This chapter will focus on the history of Rancher and Kubernetes. We will cover what products and solutions came before Rancher and Kubernetes and how they have evolved into what they are today. At the end of this chapter, you should have a good understanding of the origins of Rancher and Kubernetes and their core concepts. This knowledge is essential for you to understand why Rancher and Kubernetes are what they are.
In this chapter, we're going to cover the following main topics:
Rancher Labs was founded in 2014 in Cupertino, California, by Sheng Liang, Shannon Williams, Darren Shepherd, and Will Chanas. It was a container management platform before Kubernetes was a thing. From the beginning, Rancher was built on the idea that everything should be open source and community-driven. With Rancher being an open source company, all of the products they have released (including Rancher, RancherOS, RKE, K3s, Longhorn, and more) have been 100% open source. Rancher Lab's flagship product is Rancher. Primarily, Rancher is a management and orchestration platform for containerized workloads both on-premises and in the cloud. Rancher can do this because it has always been vendor-neutral; that is, Rancher can deploy a workload using physical hardware in your data center to cloud VMs in AWS to even a Raspberry Pi in a remote location.
When Rancher v1.0 was released in March of 2016, it only supported Docker Swarm and Rancher Cattle clusters. Docker Swarm was the early cluster orchestration tool that created a number of the core concepts that we still use today; for instance, the idea that an application should be defined as a group of containers that can be created and destroyed at any time. Another concept is that containers should live on a virtual network that is accessible on all nodes in a cluster. You can expose your containers via a load balancer which, in the case of Docker Swarm, is just a basic TCP load balancer.

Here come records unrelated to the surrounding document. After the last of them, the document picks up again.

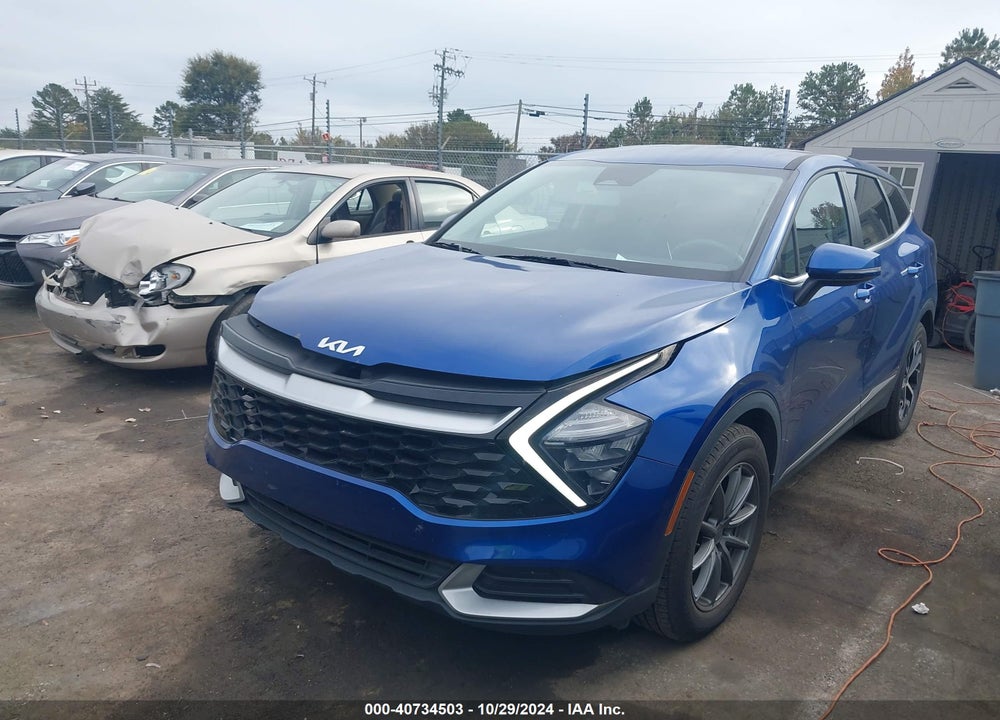 2023 KIA SPORTAGE EX VIN: 5XYK33AF1PG077968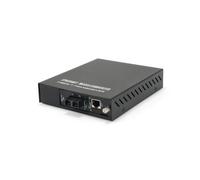 LevelOne FVM-1101 convertitore multimediale di rete 100 Mbit/s 1310 nm Nero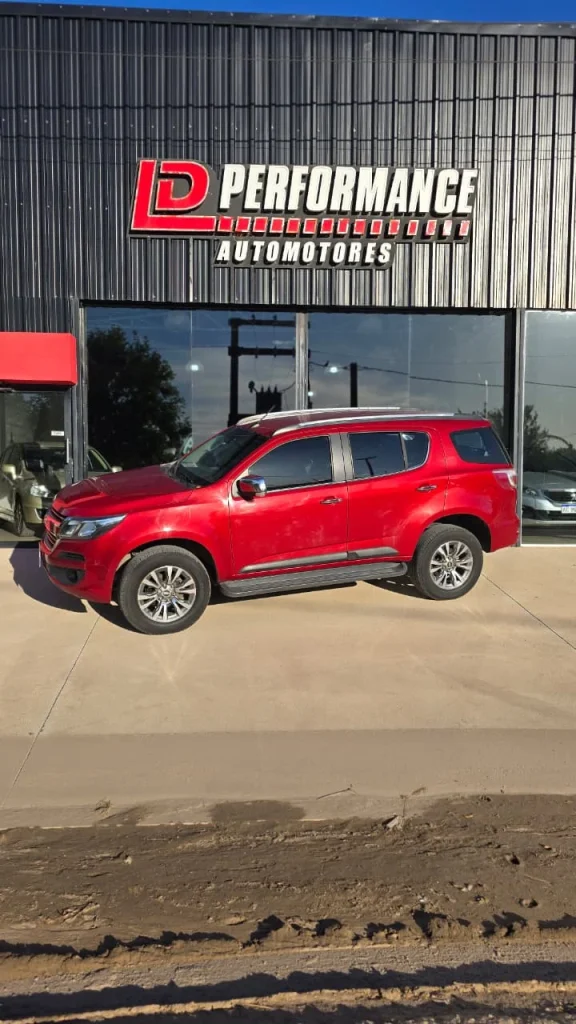 Chevrolet LTZ 2016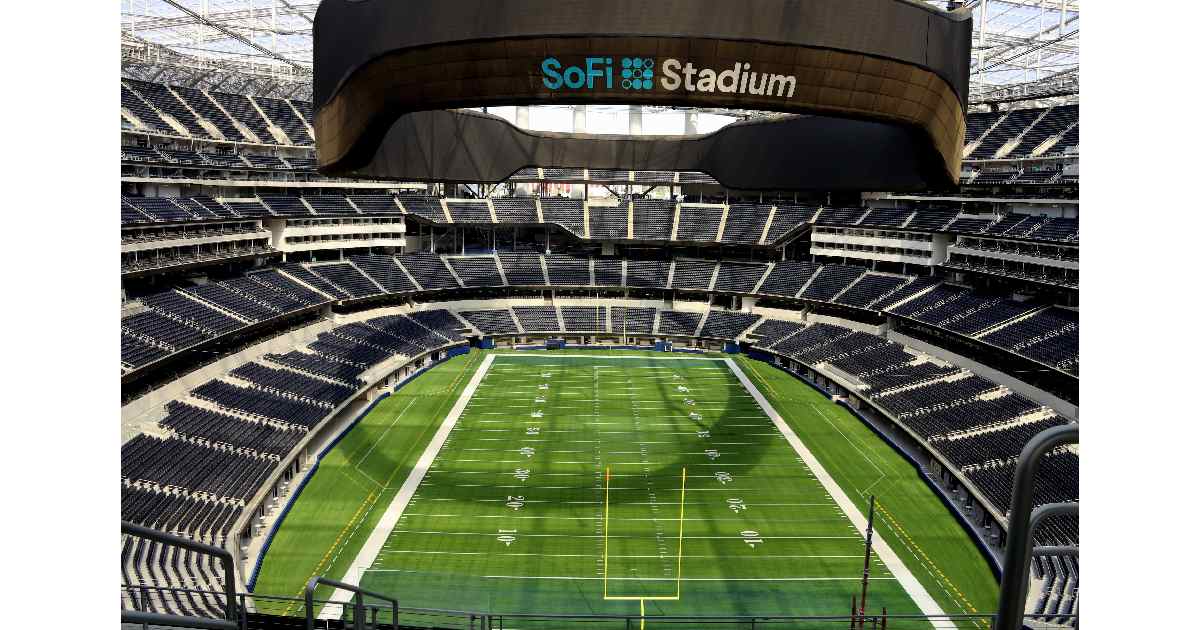 SoFi Stadium - largest nfl stadiums in the united states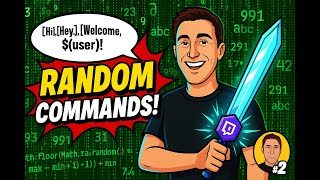 Modding Monday #2 Nightbot Hello Command (random response numbers and strings)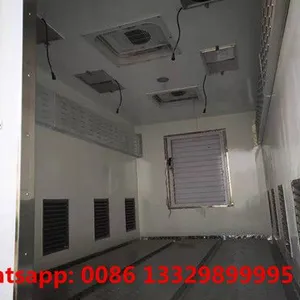 JMC Brand 4*2 LHD 130hp Diesel Euro 6 Day Old Chick Transported Truck for Hatcheries thumbnail-4
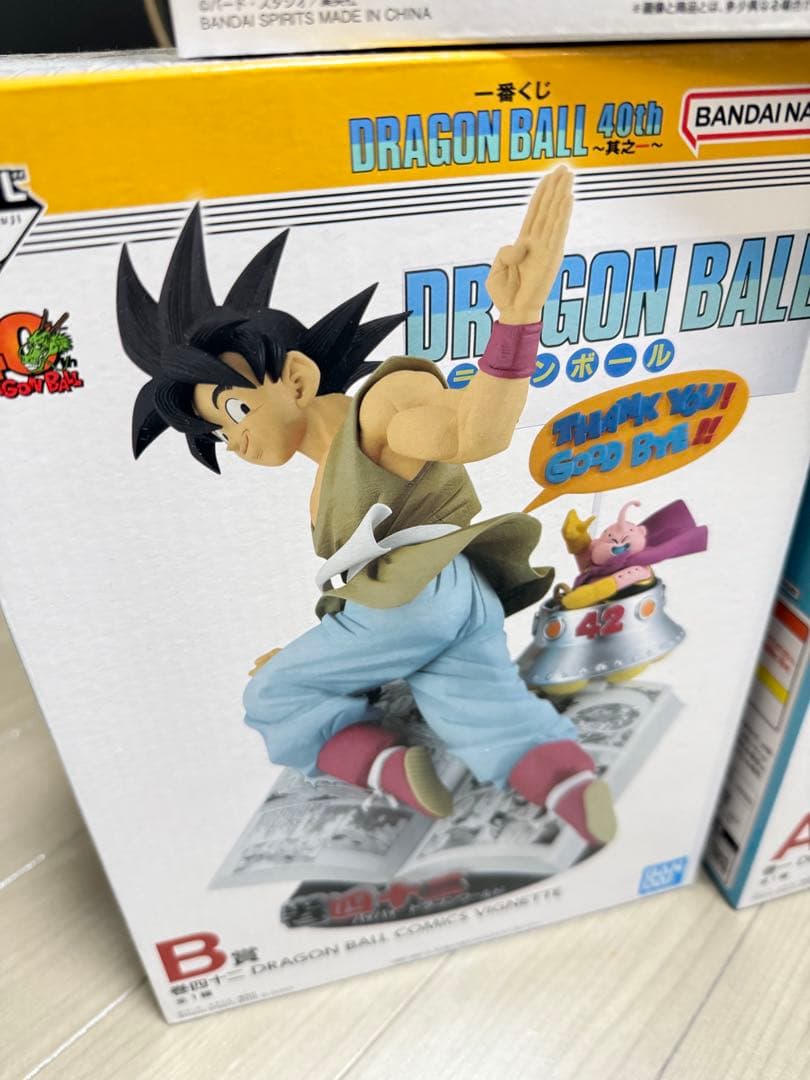 新品未開封　一番くじ ドラゴンボール 40th 其之ー　A賞 B賞 ラストワン賞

While the Rancher server was being created, Rancher Labs was working on their own Docker cluster software, called Cattle, which is when Rancher went General Availability (GA) with the launch of Rancher v1.0. Cattle was designed to address the limitations of Docker Swarm, which spanned several different areas.
The first was networking. Originally, Docker Swarm's networking overlay was built on Internet Protocol Security (IPsec) with the idea that each node in the cluster would be assigned a subnet; that is, a class C subnet by default. Each node would create an IPsec tunnel to all other nodes in the cluster. It would then use basic routing rules to direct traffic to the node where that container was hosted. For example, let's say a container on node01 with an IP address of 192.168.11.22 wants to connect to another container hosted on node02 with an IP address of 192.168.12.33. The networking swarm uses basic Linux routing to route anything inside the 192.168.12.0/24 subnet to node02 over the IPsec tunnel. This core concept is still in use today by the majority of Kubernetes's CNI providers. The main issue is in managing the health of these tunnels over time and dealing with compatibility issues between the nodes. Cattle addressed this issue by moving IPsec into a container and then wrapping a management layer to handle the creation, deletion, and monitoring of the tunnels.

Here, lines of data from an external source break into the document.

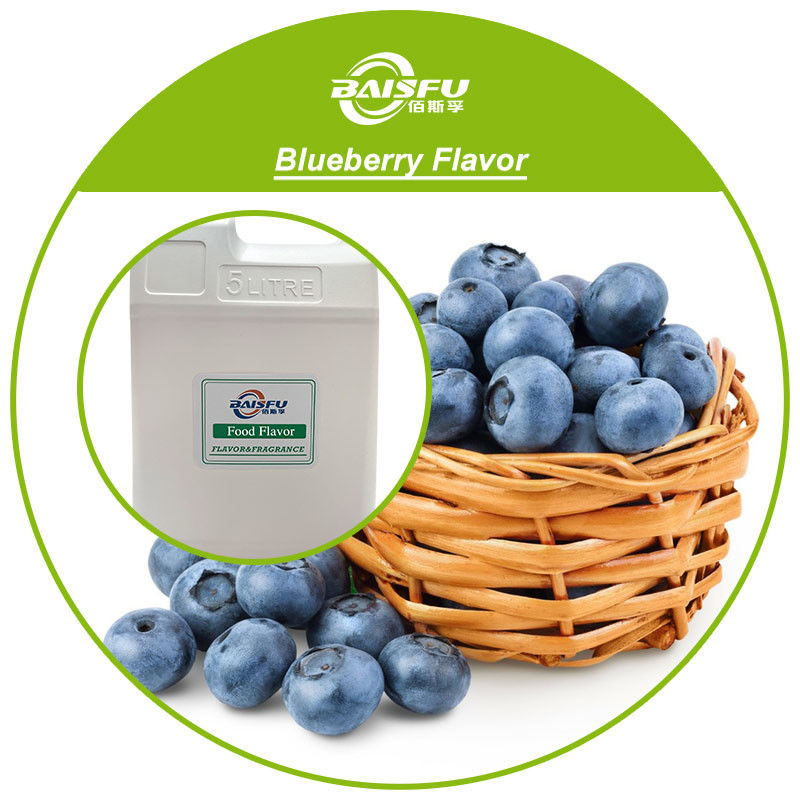 Food Flavor Enhancer Blueberry Flavoring Agent for Different Food and Beverage Products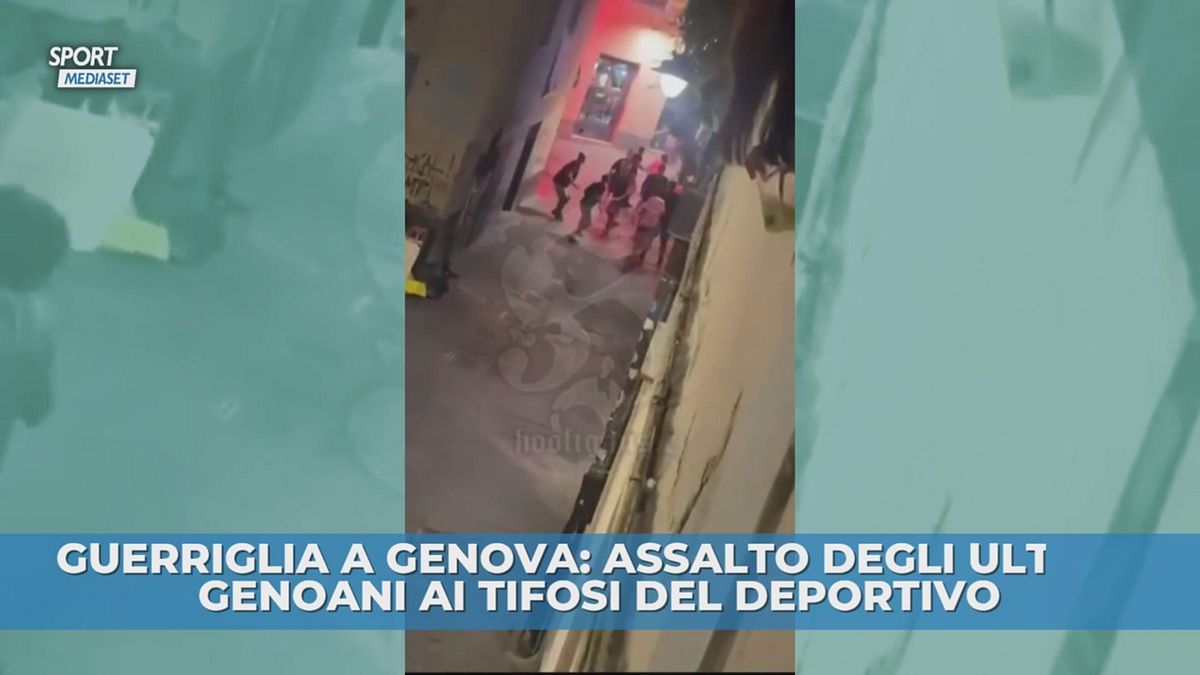 Guerriglia urbana a Genova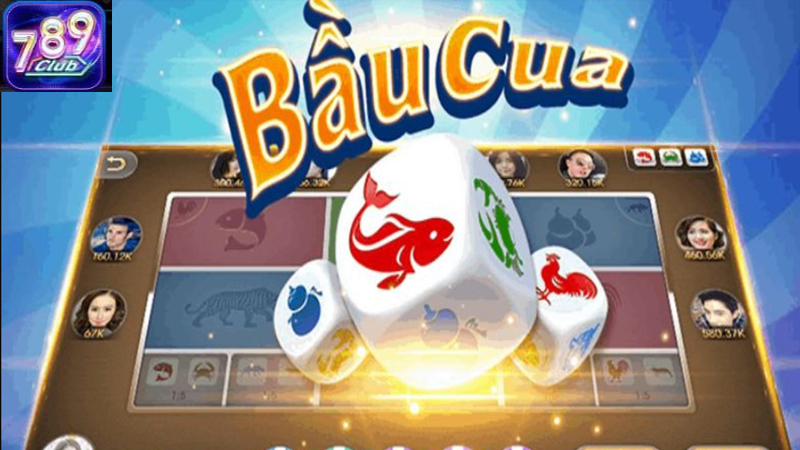 Bầu Cua đã được 789Club chuyển thể thành một trò chơi trực tuyến hấp dẫn
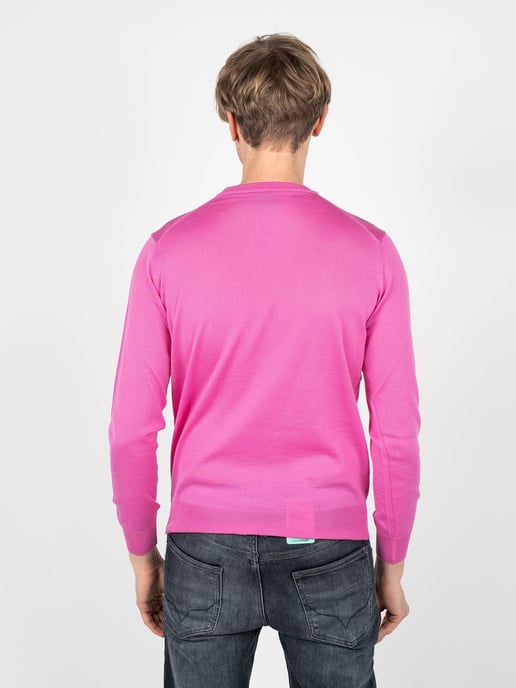 Plein Sport stoppen Merino Mannen roze - Image 4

The second main issue was to do with load balancing. With Docker Swarm, we were limited to very basic TCP/layer4 load balancing. We didn't have sessions, SSL, or connection management. This is because load balancing was all done by iptable rules. Cattle addressed this issue by deploying HAProxy on all nodes in the cluster. Following this, Cattle used a custom container, called rancher-metadata, to dynamically build HAProxy's config every time a container was created or deleted.

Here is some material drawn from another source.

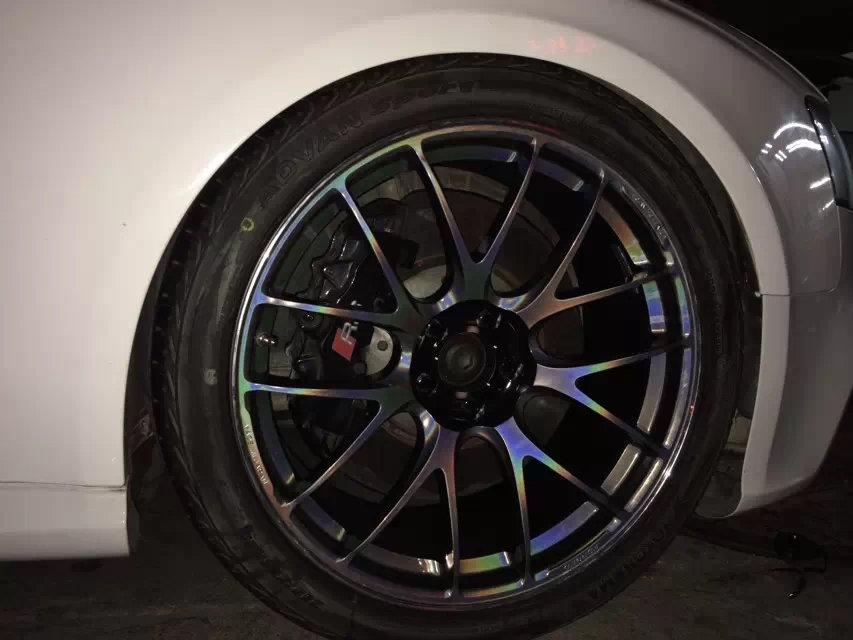 RS5，裝20寸、RAYS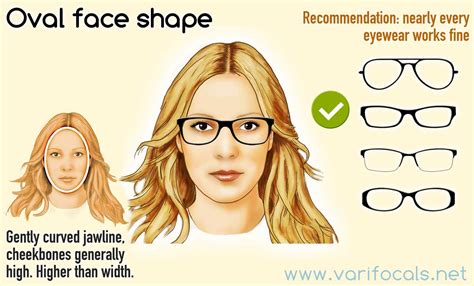 Glasses Frames For An Oval Face Shape Female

The third issue was storage. With Docker Swarm, there weren't any storage options outside bind mounting to a host filesystem. This meant that you had to create a clustered filesystem or shared network and then manually map them to all of your Docker hosts. Cattle addressed this by creating rancher-nfs, which is a tool that can mount NFS shares inside a container and create a bind mount. As Rancher went on, other storage providers were added, such as AWS and VMware.
Then, as time moved forward at Rancher, the next giant leap was when authentication providers were added, because Rancher provides access to the clusters that Rancher manages by integrating external authentication providers such as Active Directory, LDAP, and GitHub. This is unique to Rancher, as Kubernetes still doesn't integrate very well with external authentication providers.
Rancher is built around several core design principles:
The name Kubernetes originates from Greek, meaning helmsman or pilot. Kubernetes is abbreviated to k8s due to the number of letters between the K and S. Initially, engineers created Kubernetes at Google from an internal project called Borg. Google's Borg system is a cluster manager that was designed to run Google's internal applications. These applications are made up of tens of thousands of microservices hosted on clusters worldwide, with each cluster being made up of tens of thousands of machines. Borg provided three main benefits. The first benefit was the abstraction of resource and failure management, so application designers could focus on application development. The second benefit was its high reliability and availability by design. All parts of Borg were designed, from the beginning, to be highly available. This was done by making applications stateless. This was done so that any component could be destroyed at any time for any reason without impacting availability and, at the same time, could be scaled horizontally to hundreds of instances across clusters. The third benefit was an effective workload; Borg was designed to have a minimal overhead on the compute resources being managed.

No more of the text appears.